Doxorubicin-modified magnetic nanoparticles as a drug delivery system for magnetic resonance imaging-monitoring magnet-enhancing tumor chemotherapy.

作者信息

Liang Po-Chin, Chen Yung-Chu, Chiang Chi-Feng, Mo Lein-Ray, Wei Shwu-Yuan, Hsieh Wen-Yuan, Lin Win-Li

机构信息

Institute of Biomedical Engineering, College of Medicine, College of Engineering, National Taiwan University Hospital, Taipei, Taiwan; Department of Medical Imaging, National Taiwan University Hospital, Taipei, Taiwan.

Institute of Biomedical Engineering, College of Medicine, College of Engineering, National Taiwan University Hospital, Taipei, Taiwan; Biomedical Technology and Device Research Labs, Industrial Technology Research Institute, Hsinchu, Taiwan.

出版信息

Int J Nanomedicine. 2016 May 12;11:2021-37. doi: 10.2147/IJN.S94139. eCollection 2016.

DOI:10.2147/IJN.S94139
PMID:27274233
原文链接:https://pmc.ncbi.nlm.nih.gov/articles/PMC4869666/
Abstract

In this study, we developed functionalized superparamagnetic iron oxide (SPIO) nanoparticles consisting of a magnetic Fe3O4 core and a shell of aqueous stable polyethylene glycol (PEG) conjugated with doxorubicin (Dox) (SPIO-PEG-D) for tumor magnetic resonance imaging (MRI) enhancement and chemotherapy.

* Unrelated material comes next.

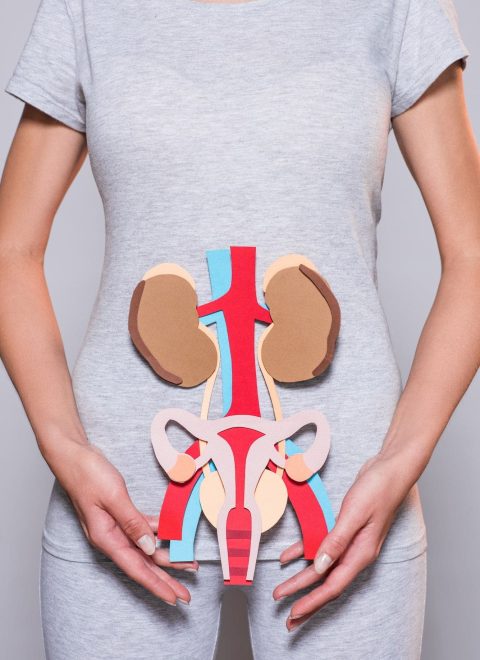 cropped shot of woman with paper made human internal organs and female reproductive system on grey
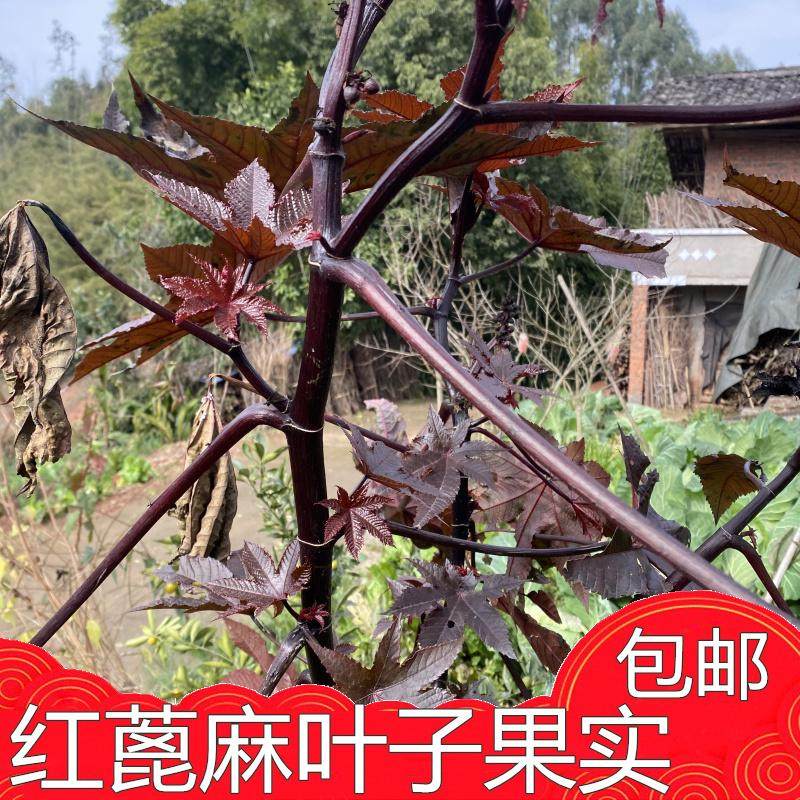 红蓖麻紫色蓖麻种子果子暗红色树叶子种子果实包邮庭院绿化行道厂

The size of SPIO nanoparticles was ~10 nm, which was visualized by transmission electron microscope. The hysteresis curve, generated with vibrating-sample magnetometer, showed that SPIO-PEG-D was superparamagnetic with an insignificant hysteresis. The transverse relaxivity (r 2) for SPIO-PEG-D was significantly higher than the longitudinal relaxivity (r 1) (r 2/r 1 >10). The half-life of Dox in blood circulation was prolonged by conjugating Dox on the surface of SPIO with PEG to reduce its degradation. The in vitro experiment showed that SPIO-PEG-D could cause DNA crosslink more serious, resulting in a lower DNA expression and a higher cell apoptosis for HT-29 cancer cells. The Prussian blue staining study showed that the tumors treated with SPIO-PEG-D under a magnetic field had a much higher intratumoral iron density than the tumors treated with SPIO-PEG-D alone. The in vivo MRI study showed that the T2-weighted signal enhancement was stronger for the group under a magnetic field, indicating that it had a better accumulation of SPIO-PEG-D in tumor tissues. In the anticancer efficiency study for SPIO-PEG-D, the results showed that there was a significantly smaller tumor size for the group with a magnetic field than the group without. The in vivo experiments also showed that this drug delivery system combined with a local magnetic field could reduce the side effects of cardiotoxicity and hepatotoxicity. The results showed that the developed SPIO-PEG-D nanoparticles own a great potential for MRI-monitoring magnet-enhancing tumor chemotherapy.

摘要

在本研究中,我们开发了功能化的超顺磁性氧化铁(SPIO)纳米颗粒,其由磁性Fe3O4核以及与阿霉素(Dox)共轭的水性稳定聚乙二醇(PEG)壳层组成(SPIO-PEG-D),用于肿瘤磁共振成像(MRI)增强和化疗。SPIO纳米颗粒的尺寸约为10 nm,通过透射电子显微镜可见。用振动样品磁强计生成的磁滞曲线表明,SPIO-PEG-D具有超顺磁性且磁滞不明显。SPIO-PEG-D的横向弛豫率(r 2)显著高于纵向弛豫率(r 1)(r 2/r 1>10)。通过将Dox与PEG共轭在SPIO表面,延长了Dox在血液循环中的半衰期,以减少其降解。体外实验表明,SPIO-PEG-D可导致DNA交联更严重,导致HT-29癌细胞的DNA表达降低和细胞凋亡增加。普鲁士蓝染色研究表明,在磁场下用SPIO-PEG-D治疗的肿瘤比单独用SPIO-PEG-D治疗的肿瘤具有更高的瘤内铁密度。体内MRI研究表明,磁场下的组T2加权信号增强更强,表明其在肿瘤组织中对SPIO-PEG-D的蓄积更好。在SPIO-PEG-D的抗癌效率研究中,结果表明,有磁场组的肿瘤尺寸明显小于无磁场组。体内实验还表明,这种药物递送系统与局部磁场相结合可降低心脏毒性和肝毒性的副作用。结果表明,所开发的SPIO-PEG-D纳米颗粒在MRI监测磁增强肿瘤化疗方面具有巨大潜力。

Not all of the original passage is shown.